[RFC PATCH 4/4] t/lib-httpd: sort log based on timestamp to avoid occasional failure

[Date Prev][Date Next][Thread Prev][Thread Next][Date Index][Thread Index]

 



The last test of 't5561-http-backend.sh', 'server request log matches
test results' may fail occasionally, because the order of entries in
Apache's access log doesn't match the order of requests sent in the
previous tests, although all the right requests are there.  I saw it
fail on Travis CI five times in the span of about half a year, when
the order of two subsequent requests was flipped, and could trigger
the failure with a modified Git.  However, I was unable to trigger it
with stock Git on my machine.  Three tests in
't5541-http-push-smart.sh' and 't5551-http-fetch-smart.sh' check
requests in the log the same way, so they might be prone to a similar
occasional failure as well.

When a test sends a HTTP request, it can continue execution after
'git-http-backend' fulfilled that request, but Apache writes the
corresponding access log entry only after 'git-http-backend' exited.
Some time inevitably passes between fulfilling the request and writing
the log entry, and, under unfavourable circumstances, enough time
might pass for the subsequent request to be sent and fulfilled, and
then Apache writes access log entries racily.

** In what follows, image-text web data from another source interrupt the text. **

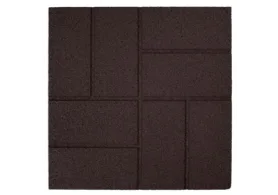 Покрытие универсальное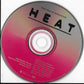 HEAT - Music From The Motion Picture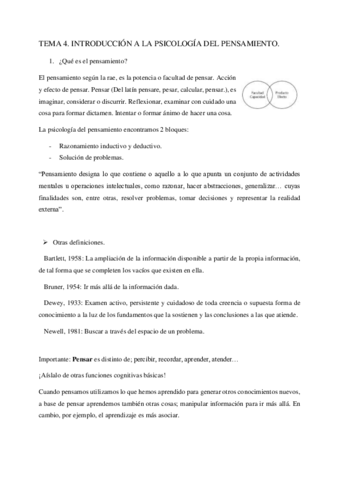 TEMA-4.pdf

This effect can be exacerbated by adding a bit of variable delay after
the request is fulfilled but before 'git-http-backend' exits, e.g.
like this:

  diff --git a/http-backend.c b/http-backend.c
  index f3dc218b2..bbf4c125b 100644
  --- a/http-backend.c
  +++ b/http-backend.c
  @@ -709,5 +709,7 @@ int cmd_main(int argc, const char **argv)
   					   max_request_buffer);

   	cmd->imp(&hdr, cmd_arg);
  +	if (getpid() % 2)
  +		sleep(1);
   	return 0;
   }

This delay considerably increases the chances of log entries being
written out of order, and in turn makes t5561's last test fail almost
every time.  Alas, it doesn't seem to be enough to trigger a similar
failure in t5541 and t5551.

Now, by default the timestamp of a log entry marks the beginning of
the request processing, not when the log entry gets written.  Since
our requests are sent sequentially, sorting the log entries based on
their timestamps would ensure that their order corresponds to the
order of our requests.

Therefore, change Apache's log format to use microseconds since epoch
as timestamps, the finest resolution Apache has to offer.  This will:

  - give enough resolution to make reasonably sure that no two
    requests have the same timestamp; the default timestamp format has
    only one second resolution, which is not nearly enough.

  - make the timestamps sortable; the default timestamp format looks
    like "[31/Jan/2018:16:33:52 +0000]", which would trip sorting if
    the test script happens to run over month boundaries.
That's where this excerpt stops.